Not every work, however, done by a child aged below 14 is counted as child labor. If your child is being a helping hand in performing home errands or assisting you in your family business or rather earning pocket money for its own self after school, it would be wrong to say that the child is the victim of child labor.
Children exposed to working in the hazardous environment in factories, on construction sites, doing heavy duty labor which hinders with their mental as well as physical development, depriving them of their childhood and hampering their basic right to go to school and get the education is what makes them fall prey to child labor.

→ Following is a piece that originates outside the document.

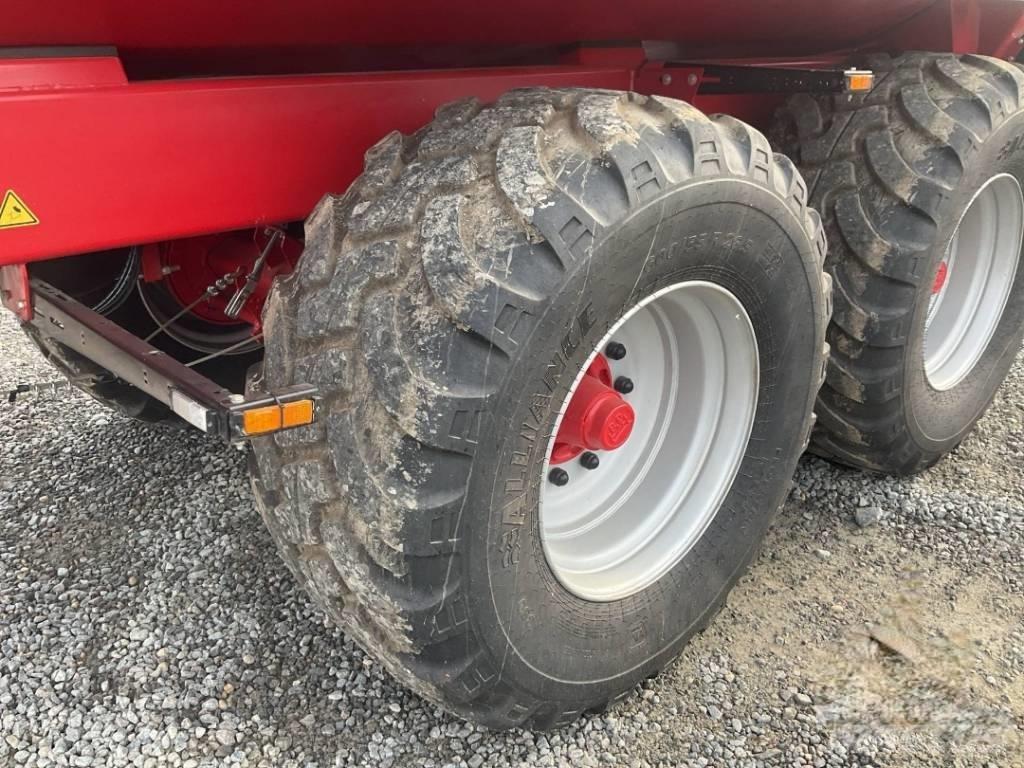 Krampe HP 20 Rimorchi ribaltabili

Though, with the continuous efforts of human welfare organizations and the governments of several developed and developing countries having made stringent laws to curb the child labor, there has been a decline in this reprehensible practice. In India, the child labor had seen an upsurge in 2005 from 2000, only to drop down in the year 2010 as it can be seen below.
But this is not the only atrocity that the children are succumbed to. Did you know that the recent report released by World Health Organization (WHO) says that 9 out of 10 people breathe air contaminated with pollutants worldwide causing 7 million deaths every year? And the children are not unfazed by this predicament either. In fact, they are most vulnerable as their ability to fight with the pollutants is restrained because of their under-developed immune system and lungs.
There have been several instances reported in the past where the negligence towards children being exposed to air pollution while indulged in child labor came to notice. One such incident surfaced during the construction of Nammo Metro in Bangalore*. 30% of the laborers employed at the construction site were children who were exposed to harmful pollutants like carbon monoxide, sulfur dioxide and nitrogen dioxide. What’s more distressing was that there were no safety measures taken or face masks provided to them.
Rajan Poddar, one of the victims of child labor at the site, who was just 12 years old had endured acute breathing problems even when he neither smoked nor drank. It’s not just the case with Rajan but many other children who are put to risk to develop several respiratory ailments, such as bronchitis, asthma and acute cough on daily basis.
On this World Day Against Child Labor, the least we should do for them is to confer them their basic right to breathe – to breathe air free from pollution.